--- START ---
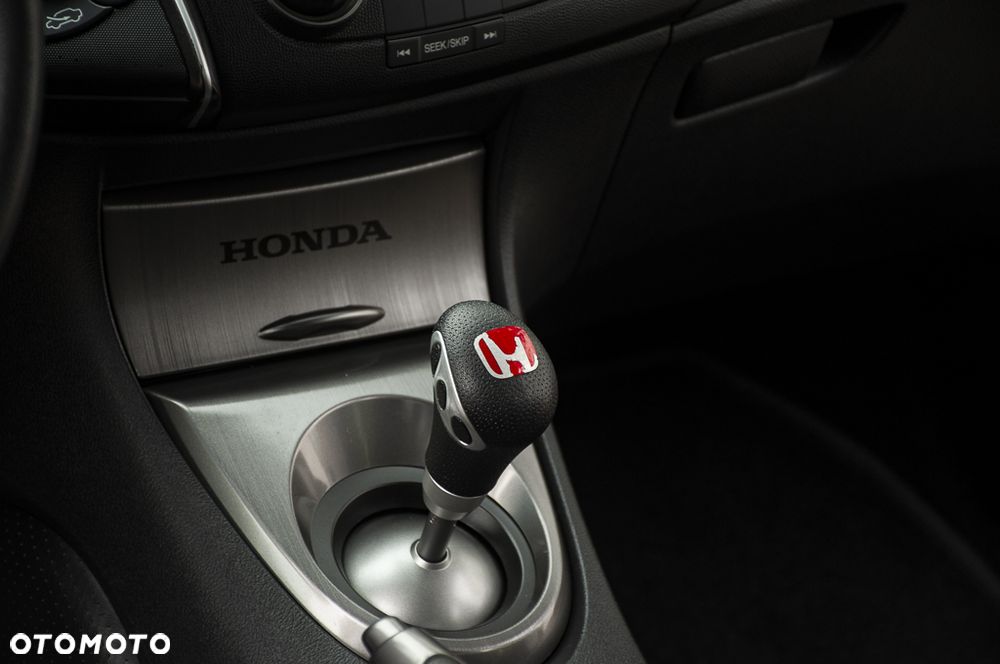 Honda Civic 1.8i-VTEC Sport - 31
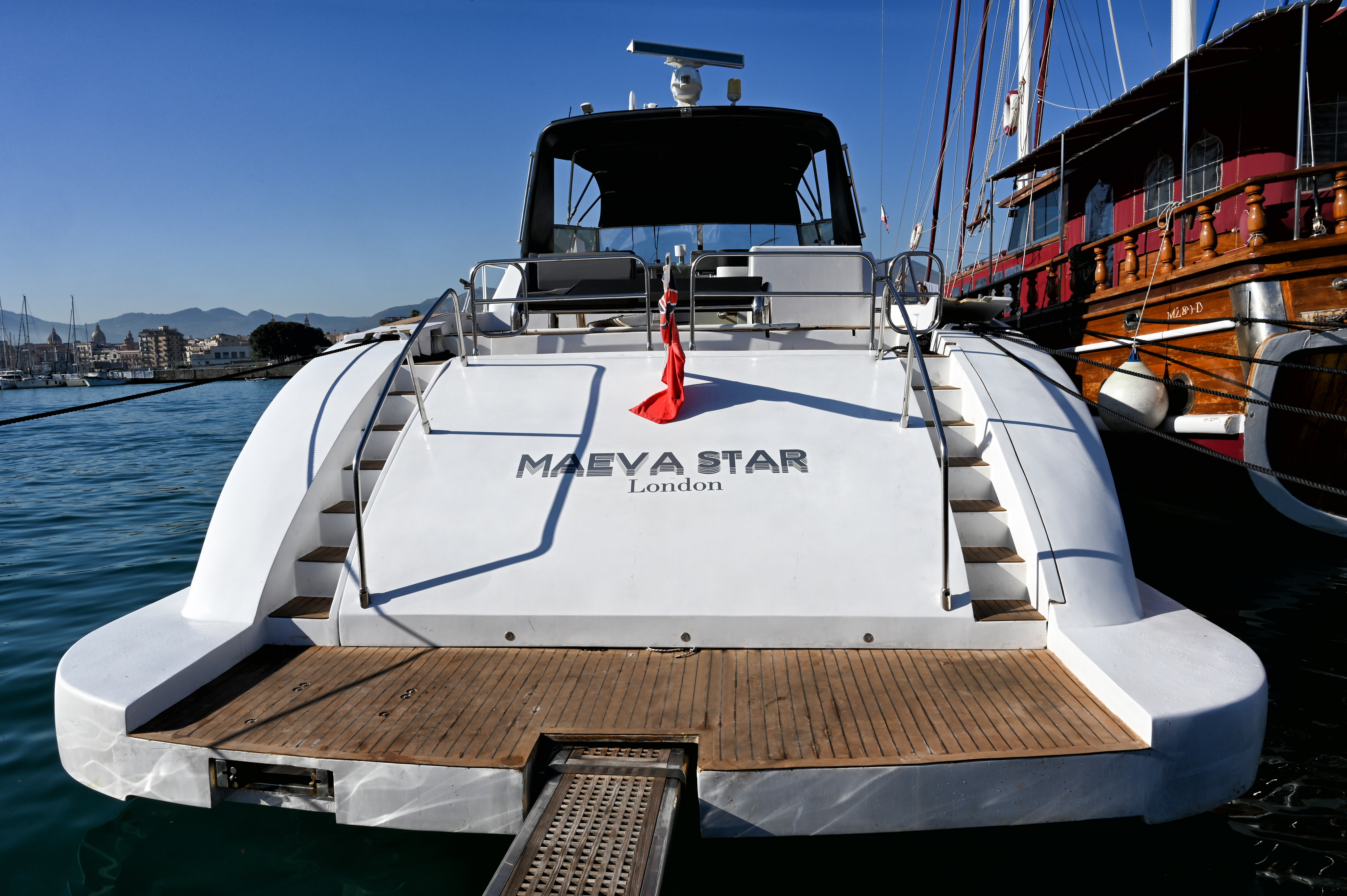 Leopard 23 - Motor Boat Charter Italy & Boat hire in Italy Sicily Aeolian Islands Milazzo Marina Poseidon 3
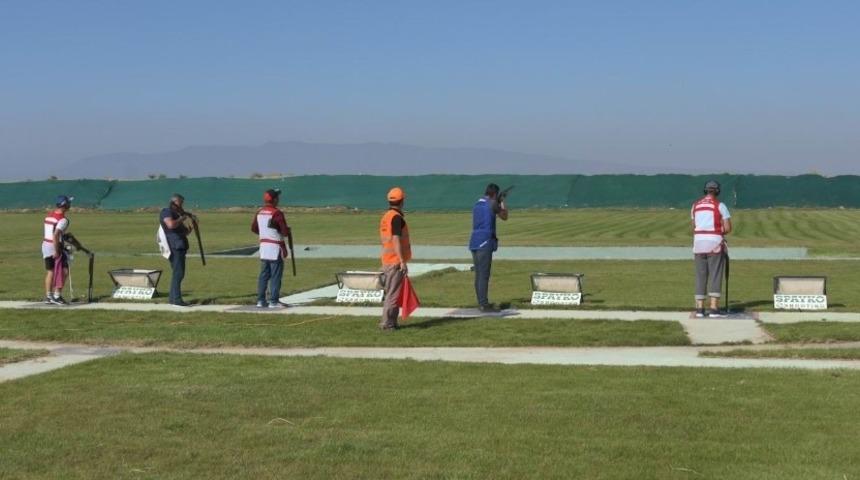 Trapçılar ’Salihli Güz Kupası’nda yarıştı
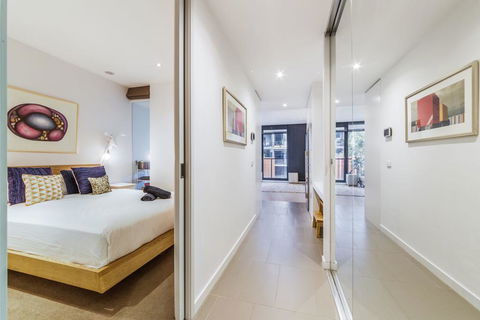 Elegant 1 Bed 1 Bath & Free Parking - ACT Tourism 0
--- END ---
Work instruction: Each line of the data should be printed again exactly. Please leave pictures out.

Answer box:
 Honda Civic 1.8i-VTEC Sport - 31
 Leopard 23 - Motor Boat Charter Italy & Boat hire in Italy Sicily Aeolian Islands Milazzo Marina Poseidon 3
 Trapçılar ’Salihli Güz Kupası’nda yarıştı
 Elegant 1 Bed 1 Bath & Free Parking - ACT Tourism 0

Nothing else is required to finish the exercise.